The paper continued, saying the issue was even being discussed in Washington.
“The Federal Government today canvassed its resources for combating the invasion of north Atlantic coast waters by sharks. President Wilson and his Cabinet discussed what could be able to prevent more tragedies like those which have occurred recently along the New Jersey shore, and the Coast Guard and Life Saving services were ordered to assist in shark extermination in every way possible.”
In Beach Haven, the scene of the first attack, actions were already being taken. The New Jersey Courier of the 14th announced, “Beach Haven is to be protected here-after by a heavy wire netting, extending 300 feet into the sea and along the entire bathing beach. Robert Engle, president of the town council and owner of the hotel Engleside, announces that the cottagers had subscribed to a fund sufficient to put up the net, and work will be started at once. It will be so strong that no sharks or other dangerous fish can come near the beach. … two big fellows 8 and 12 feet long were caught Monday at Little Egg Harbor Inlet, and the captor towed them to Beach Haven to have a picture taken of them, when ordinarily they would have been left to float away, or else fed to the pigs.”
Interest in sharks was sweeping the country; Two days later, the Indianapolis Star stated a “monster shark weighing 400 pounds and ten feet in length was caught off Beach Haven, N.J., by Capt. Clarence Parker, a member of the Beach Haven Yacht Club.
“The shark is of enormous proportions; its immensity can be gathered from its weight and length. Hundreds of men with rifles, spears and other weapons are patrolling the Jersey beaches waiting for the other shark or sharks to appear. The beaches are desolate. Swimmers are not permitted to venture out.”
As shark fever became the rage of the summer, some tried to cash in. In the New Brunswick Times of July 20, “… in every town along the summer coast, including Asbury Park, there are at least one or two ‘shark shows’ that have been thriving on almost unbelievable profits. At some of the places the admission charged is twenty-five cents, at others a dime will let you for a look at the ‘horrible man-eating fish.’ And one out of every three passersby, recalling, no doubt, the sinister tragedy of the surf that shocked the nation only a few days ago, parts with a dime or a quarter and leaves the shark exhibition with the satisfaction in prospect of telling the folks back home: ‘Oh, yes; oh my, yes, I saw one of the monsters … In the Asbury Park show … The shark was about six feet long – only a small fellow.’”
Unfortunately there was also a dark side to the fear of sharks. The Asbury Park Press carried a story on July 25.

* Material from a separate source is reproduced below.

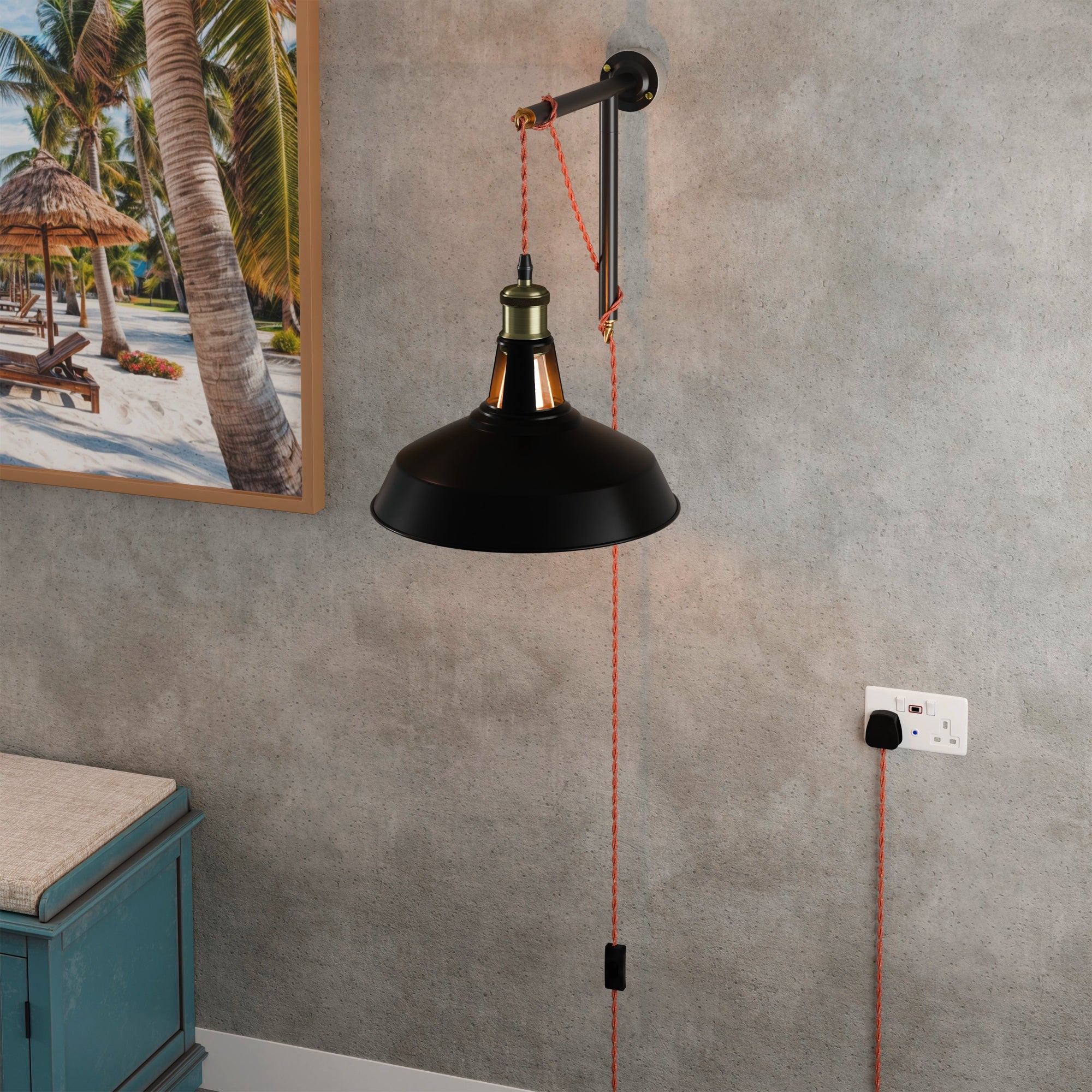 Industrial Black Metal Barn Shade Plug-in Wall Light Kit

“Not sharks but the fear of sharks, caused the death of a man yesterday in the Shrewsbury river near Atlantic Highlands.
“Samuel Harding, 35, of 10 Summit Street, Newark, went swimming off Grevely Point and was not far from the shore when he threw up his hands and called for help. A number of persons, among them some strong swimmers, were on the beach, and two or three young men ran toward the water with the intention of going to the rescue.
“But some one shouted; ‘Sharks! A shark’s got him! Don’t go in; there are sharks there!’

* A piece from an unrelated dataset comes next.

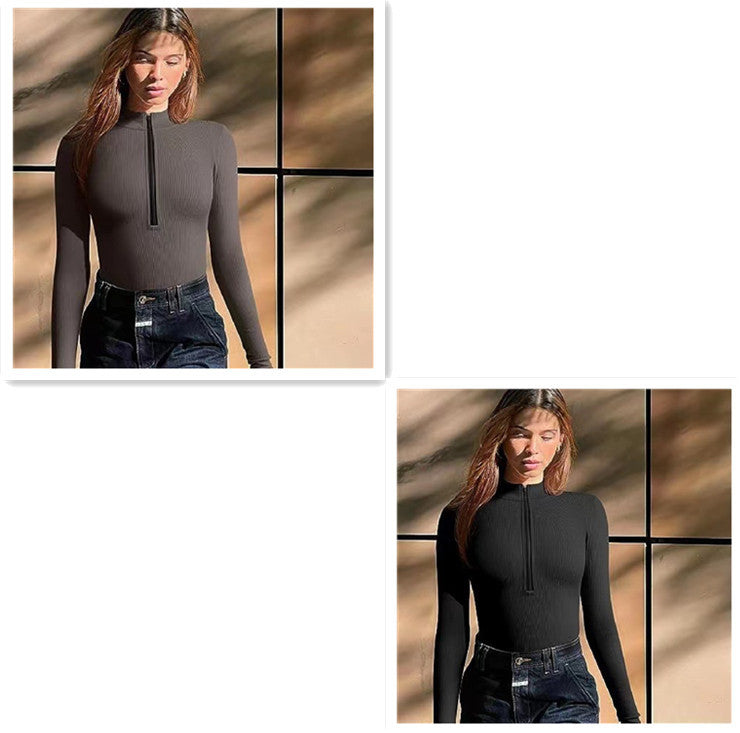Fashion Long Sleeve Zipper Jumpsuit Seamless Slimming Shapewear For Women Romper d1fa6193 914f 4dbf b4f1 b2bc3d147e4c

“The neighborhood has been so worked up over the recent killings by sharks that this was the first thing some thought of. So the young men allowed themselves to be restrained, and the group on the beach saw Harding go down three times without offering him any aid.
“About 20 minutes later his body was brought up by an oysterman’s rake. It was not marked, so the shark scare had been mere hysteria.

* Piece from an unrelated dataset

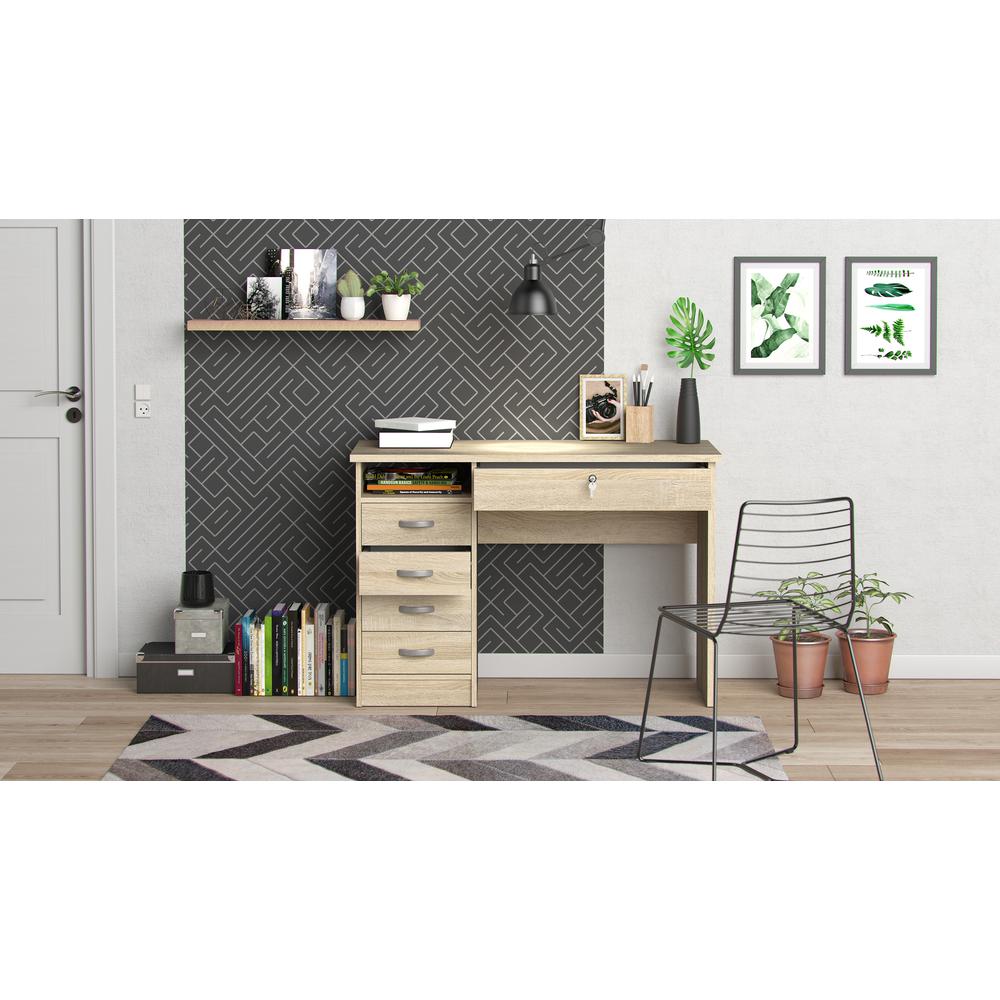Walden Desk with 5 Drawers, Oak Structure. Picture 11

“Attempts to induce artificial respiration continued for more than an hour but the body had been too long submerged.”
This kind of story was overshadowed when the New York Sun headline of July 26 proclaimed, “BIGGEST MAN EATING SHARK CAUGHT OFF JERSEY COAST. Long Beach Fishermen Bring 600 Pounder, 10 feet, 8 Inches Long, and Four Other ‘Tigers of the Sea’ Ashore.”
The article continued, “When Capt. Jack Benson’s crew of pound seiners came in to the station of the Ship Bottom fishery on Long Beach, five miles above Beach Haven this morning they towed behind their motor boat a 600 pound shark ten feet eight inches in length, the largest captured since the maneaters from southern waters began their raid on the New Jersey coast.
“The Ship Bottom fishermen had a high exciting battle with their ferocious game. The big shark, in particular, tore around at great rate when drawn to the side of the boat. Capt. Benson, a muscular man, pounded it repeatedly on the head with a heavy iron bar, finally dazing it enough to allow one of the hands to lasso its tail. Then the line was made fast and the shark was towed to shore tail first. Had the spunk not been beaten out of it, it probably could have pulled the boat out to sea. … The big fellow had an eighteen inch spread of mouth and was thirty inches in diameter at the thickest part of his body.”
Ocean County sharks were becoming big business, and on the 21st, the Courier told of another shark.
“There was without a question a shark in Toms River on Wednesday afternoon, when an auto containing an eight foot shark stopped in town en route from Ships Bottom to Monmouth Beach. So many people crowded around to see the shark that it was taken to the McClenahan building and put on exhibition at ten cents a peep. This shark, by no means a large one, was caught by Jack Hays in the Ships Bottom pound Wednesday morning. The manager of the fish freezer at Monmouth Beach had been wanting to get a shark, and Hayes phoned him of the catch. He at once started in an auto. While here he said he would freeze the shark and send it out to Pittsburg to a friend, to show him what the shark scare on the coast was about.”
By the 28th, the shark was ready for display. According to the Press, “The largest shark seen in this vicinity in a long time has been frozen at the Monmouth Beach Fish company and is now at the Long Branch pier. The monster is of the blue variety and measures 19 feet 8 inches in length, weighing in the neighborhood of 700 pounds. The fish was caught at Ship Bottom by Capt. J. Benson’s crew of pound fishermen. … The Ship Bottom fishermen had a highly exciting time with the ferocious sea rover. The big shark in particular tore around at great rate when drawn to the side of the pond boat. Captain’s motorman pounded it repeatedly on the head with a heavy iron bar, dazing it enough to allow one of his men to lasso its tail. The line was made fast and the monster was towed in tail first. All of the sharks were of one variety, blue with large spots entirely strange to the Jersey coast. They have four rows of large teeth. The big fellow had an 18 inch spread of mouth and was 30 inches in diameter at the thickest part of his body. Part of the tail was broken off or he would have measured 11 feet.”
While seeing and smelling a shark up close wasn’t scary enough, the Press on the same page ran another shark story.
“Several hours after it had been hauled from the water a shark captured last night at Beach Haven, early this morning snapped at E.D. Bonnell, who was preparing the fish for exhibition purposes, ripping Bonnell’s right shoe and scratching his foot.
“The shark was caught in a pound net by John Gulick at practically the identical spot where the first shark attack occurred several weeks ago. The shark is seven feet long.”
During the month of July 1916, Beach Haven had garnered more national attention than it had ever received. They say no publicity is bad publicity, but in this case I’m not so sure.